Sunday, January 21, 2007

The iPod Phone

Just as I predicted before, it was inevitable that the iPod was going to be integrated with a phone in one device. The new device is relatively big, expensive, and limited to 8 Mb memory. With time, however, the size will shrink and the price will come down and the memory will reach 30 G and beyond.
I recently replaced my old T3 Palm PDA with a new Palm TX device, which has WiFi and Bluetooth. Now I can surf the internet with my new Palm, which is a big plus, but I lost some functionality as compared to the old T3 device. The Palm TX has smaller dynamic memory, which I don't understand why. Due to this limitation in dynamic memory, I can't run some of the older applications that used to run fine with the T3 PDA, such as PalmPDF reader and ABC-Morse. The PalmPDF reader fails to open big PDF documents, which makes it useless on the new PDA, while the ABC-Morse application cannot sound the Morse characters smoothly anymore, probably due to this limitation in dynamic memory. Merely adding WiFi function into the PDA made me lose other PDA functions that ran fine on the old PDA. This is exactly what I was afraid of when they integrate more functions into the old plain vanilla PDA , such as phone or WiFi.

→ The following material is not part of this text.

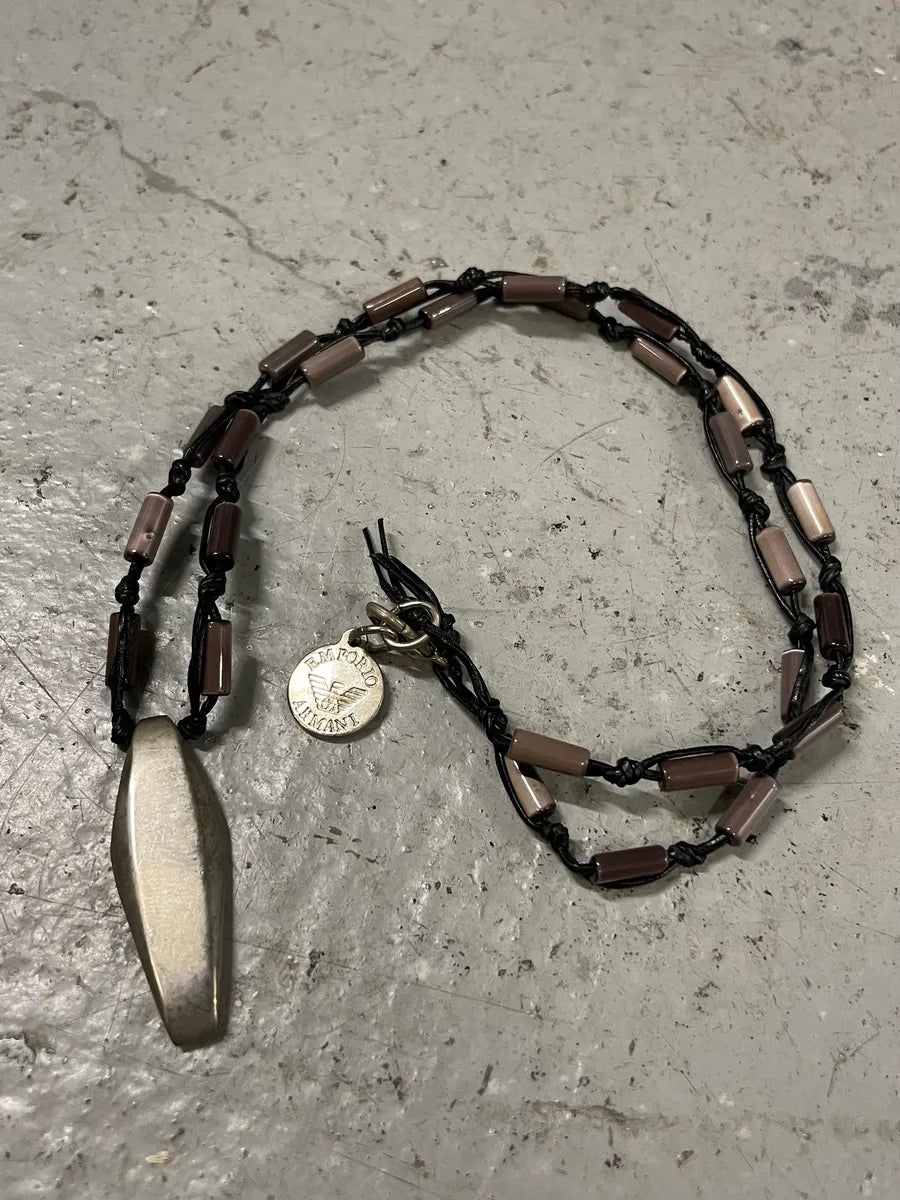 AW2014 Emporio Armani Samurai Necklace (OS) 3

Now I wonder what will we lose in the iPod phone besides memory. Don't get me wrong, I am not suggesting they stop the integration effort, because eventually it will work right. All what I am saying is that there is a price for this integration. I could be nostalgic defending the way things used to be, but right now a plain PDA still works better than a PDA than a phone PDA, and a plain iPod is most likely going to work better than a phone iPod. This might change in the future, but until then I will continue to be nostalgic. What do you think?